Problem —
Nothing but the lines from the one with "Greetings, ladies and" down to the one with "I wasn't aware" should be returned, exactly and with both ends included, from the material below.
--- START ---
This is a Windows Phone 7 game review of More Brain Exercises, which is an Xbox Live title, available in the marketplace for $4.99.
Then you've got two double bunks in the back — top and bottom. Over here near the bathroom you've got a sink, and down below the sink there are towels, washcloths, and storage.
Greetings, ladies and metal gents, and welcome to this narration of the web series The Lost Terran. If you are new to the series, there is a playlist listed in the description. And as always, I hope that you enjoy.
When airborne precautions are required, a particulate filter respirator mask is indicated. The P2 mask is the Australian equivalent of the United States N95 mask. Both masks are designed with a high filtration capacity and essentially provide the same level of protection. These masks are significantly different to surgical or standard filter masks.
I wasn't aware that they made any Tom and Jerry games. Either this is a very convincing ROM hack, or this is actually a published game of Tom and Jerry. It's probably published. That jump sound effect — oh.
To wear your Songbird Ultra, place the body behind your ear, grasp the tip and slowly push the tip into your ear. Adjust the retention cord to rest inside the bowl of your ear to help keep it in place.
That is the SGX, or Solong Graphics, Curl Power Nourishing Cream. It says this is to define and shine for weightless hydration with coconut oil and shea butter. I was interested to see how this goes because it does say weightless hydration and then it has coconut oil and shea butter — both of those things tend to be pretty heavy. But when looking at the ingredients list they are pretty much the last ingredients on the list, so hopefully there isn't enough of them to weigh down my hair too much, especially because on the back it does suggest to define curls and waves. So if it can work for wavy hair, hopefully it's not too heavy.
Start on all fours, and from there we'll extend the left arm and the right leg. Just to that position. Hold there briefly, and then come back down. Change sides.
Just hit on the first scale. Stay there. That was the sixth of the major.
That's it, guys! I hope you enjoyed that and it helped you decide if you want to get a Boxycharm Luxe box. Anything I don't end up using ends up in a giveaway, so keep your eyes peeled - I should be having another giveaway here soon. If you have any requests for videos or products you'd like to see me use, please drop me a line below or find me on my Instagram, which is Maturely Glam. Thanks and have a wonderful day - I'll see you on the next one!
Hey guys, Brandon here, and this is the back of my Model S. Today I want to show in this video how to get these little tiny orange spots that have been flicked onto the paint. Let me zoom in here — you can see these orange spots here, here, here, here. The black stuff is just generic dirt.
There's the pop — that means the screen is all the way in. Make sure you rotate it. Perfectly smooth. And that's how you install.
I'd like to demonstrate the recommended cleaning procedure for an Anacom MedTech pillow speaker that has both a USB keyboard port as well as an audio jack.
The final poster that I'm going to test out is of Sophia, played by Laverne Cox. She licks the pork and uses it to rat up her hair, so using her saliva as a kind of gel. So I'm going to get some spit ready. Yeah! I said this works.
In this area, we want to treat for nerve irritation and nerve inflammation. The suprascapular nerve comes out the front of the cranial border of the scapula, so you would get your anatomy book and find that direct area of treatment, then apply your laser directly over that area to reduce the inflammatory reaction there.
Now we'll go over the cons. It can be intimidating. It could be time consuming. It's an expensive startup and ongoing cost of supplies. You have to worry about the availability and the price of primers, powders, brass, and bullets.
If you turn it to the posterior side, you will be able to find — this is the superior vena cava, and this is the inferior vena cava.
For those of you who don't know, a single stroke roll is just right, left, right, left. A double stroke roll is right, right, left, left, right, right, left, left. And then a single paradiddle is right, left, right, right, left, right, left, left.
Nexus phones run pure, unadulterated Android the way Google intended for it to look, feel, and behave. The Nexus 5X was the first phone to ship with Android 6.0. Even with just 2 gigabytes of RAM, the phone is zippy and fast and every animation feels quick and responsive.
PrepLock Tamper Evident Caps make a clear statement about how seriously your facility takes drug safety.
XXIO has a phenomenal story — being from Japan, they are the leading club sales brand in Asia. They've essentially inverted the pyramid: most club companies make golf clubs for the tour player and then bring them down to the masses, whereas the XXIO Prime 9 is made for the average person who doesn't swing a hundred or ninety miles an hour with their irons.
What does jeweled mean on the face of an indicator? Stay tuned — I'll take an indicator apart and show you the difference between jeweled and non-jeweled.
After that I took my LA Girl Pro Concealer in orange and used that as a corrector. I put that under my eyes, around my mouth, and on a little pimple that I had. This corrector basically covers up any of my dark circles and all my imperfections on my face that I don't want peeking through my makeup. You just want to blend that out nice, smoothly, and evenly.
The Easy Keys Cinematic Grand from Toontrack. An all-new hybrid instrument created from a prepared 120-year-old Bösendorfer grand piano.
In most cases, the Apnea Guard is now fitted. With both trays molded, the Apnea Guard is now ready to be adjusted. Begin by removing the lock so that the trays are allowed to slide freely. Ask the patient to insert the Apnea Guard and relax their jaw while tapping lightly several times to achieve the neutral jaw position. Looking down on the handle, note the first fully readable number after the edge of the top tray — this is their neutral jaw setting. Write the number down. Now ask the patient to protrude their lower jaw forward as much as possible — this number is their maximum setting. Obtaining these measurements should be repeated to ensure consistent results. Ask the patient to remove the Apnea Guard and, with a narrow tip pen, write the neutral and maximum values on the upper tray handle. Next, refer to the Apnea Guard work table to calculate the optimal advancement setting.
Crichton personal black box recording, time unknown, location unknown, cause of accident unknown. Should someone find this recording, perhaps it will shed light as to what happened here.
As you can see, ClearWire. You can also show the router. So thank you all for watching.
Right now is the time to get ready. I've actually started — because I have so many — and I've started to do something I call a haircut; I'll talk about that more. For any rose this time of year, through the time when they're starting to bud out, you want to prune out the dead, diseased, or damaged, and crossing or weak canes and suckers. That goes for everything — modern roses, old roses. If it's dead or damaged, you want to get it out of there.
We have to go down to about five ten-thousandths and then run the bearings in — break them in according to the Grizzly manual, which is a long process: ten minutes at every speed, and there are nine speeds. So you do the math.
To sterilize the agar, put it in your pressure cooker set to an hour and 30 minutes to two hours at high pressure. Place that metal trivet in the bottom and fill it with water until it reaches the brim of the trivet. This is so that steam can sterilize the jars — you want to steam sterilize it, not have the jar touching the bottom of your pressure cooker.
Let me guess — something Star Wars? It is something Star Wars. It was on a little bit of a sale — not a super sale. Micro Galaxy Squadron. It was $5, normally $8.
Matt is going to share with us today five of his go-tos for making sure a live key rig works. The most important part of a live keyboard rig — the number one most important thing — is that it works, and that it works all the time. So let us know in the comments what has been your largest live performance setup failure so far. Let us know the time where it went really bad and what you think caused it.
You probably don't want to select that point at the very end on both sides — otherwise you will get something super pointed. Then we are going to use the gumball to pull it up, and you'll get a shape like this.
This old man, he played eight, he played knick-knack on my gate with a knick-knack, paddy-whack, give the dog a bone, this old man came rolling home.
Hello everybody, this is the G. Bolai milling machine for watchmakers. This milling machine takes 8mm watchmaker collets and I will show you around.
--- END ---
Reply to the task —
Greetings, ladies and metal gents, and welcome to this narration of the web series The Lost Terran. If you are new to the series, there is a playlist listed in the description. And as always, I hope that you enjoy.
When airborne precautions are required, a particulate filter respirator mask is indicated. The P2 mask is the Australian equivalent of the United States N95 mask. Both masks are designed with a high filtration capacity and essentially provide the same level of protection. These masks are significantly different to surgical or standard filter masks.
I wasn't aware that they made any Tom and Jerry games. Either this is a very convincing ROM hack, or this is actually a published game of Tom and Jerry. It's probably published. That jump sound effect — oh.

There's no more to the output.